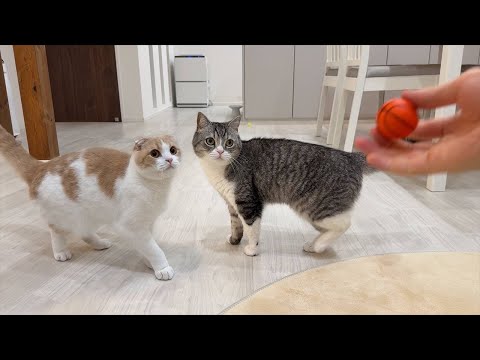 何回ボールを投げるフリしても引っかかっちゃう猫たちの反応が120点すぎましたwww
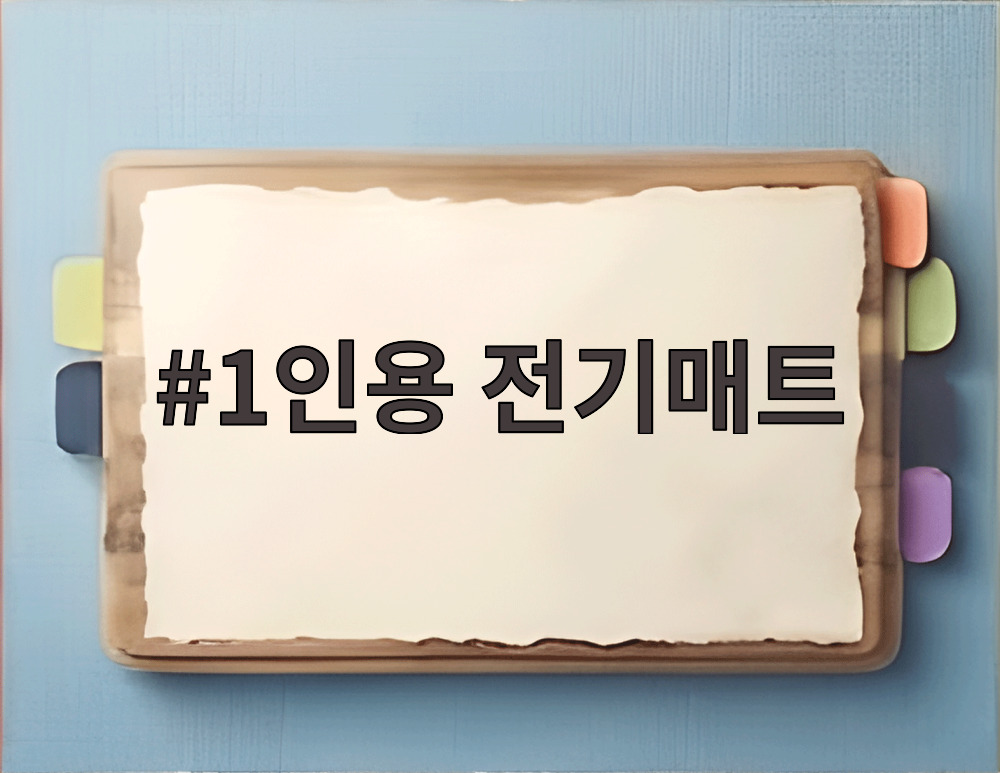 1인용 전기매트
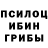 Галлюциногенные грибы MAGIC MUSHROOMS Book Shkap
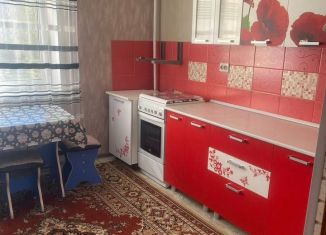 Сдается в аренду 1-комнатная квартира, 45 м2, Саратов, 2-й проезд имени Ф.А. Блинова, 6Б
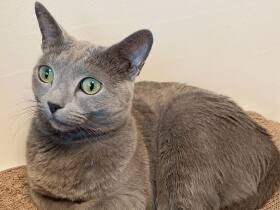 お気に入りのバリバリベッドでガリガリして満足にゃ　ロシアンブルーの「てん」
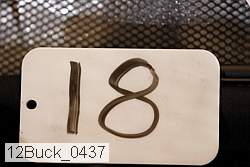 12buck_0437 proof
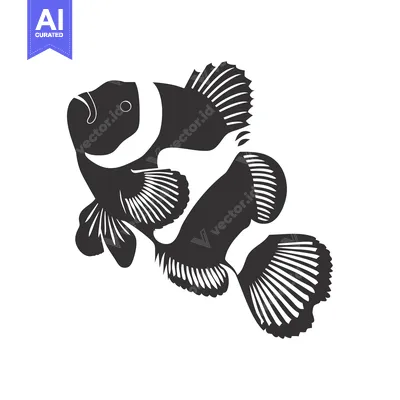 Black and White Silhouette of a Clownfish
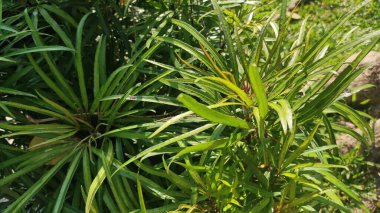 Güzel yeşil bitkilerin uzun yaprakları vardır.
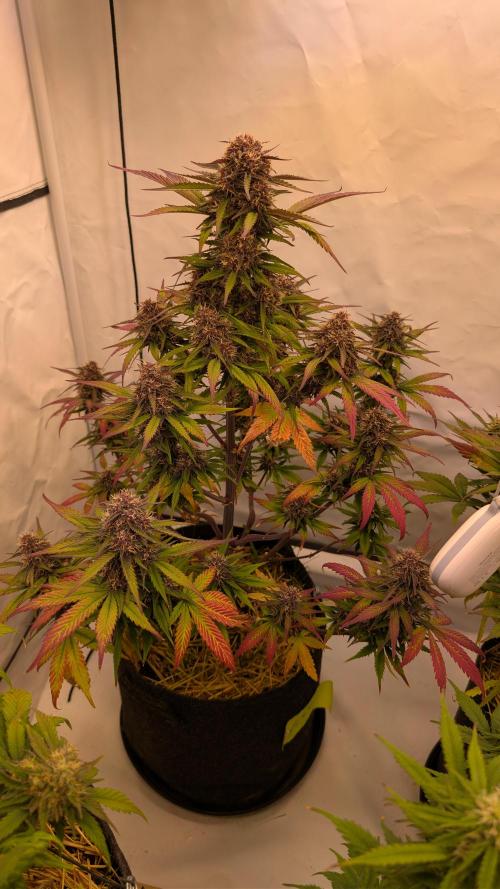 Last Auto Run. Week 9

• EXERCISE DESCRIPTION: Please copy the records above word for word, leaving out every picture.

• SOLUTION TO THIS EXERCISE:
 何回ボールを投げるフリしても引っかかっちゃう猫たちの反応が120点すぎましたwww
 1인용 전기매트
 Галлюциногенные грибы MAGIC MUSHROOMS Book Shkap
 Сдается в аренду 1-комнатная квартира, 45 м2, Саратов, 2-й проезд имени Ф.А. Блинова, 6Б
 お気に入りのバリバリベッドでガリガリして満足にゃ　ロシアンブルーの「てん」
 12buck_0437 proof
 Black and White Silhouette of a Clownfish
 Güzel yeşil bitkilerin uzun yaprakları vardır.
 Last Auto Run. Week 9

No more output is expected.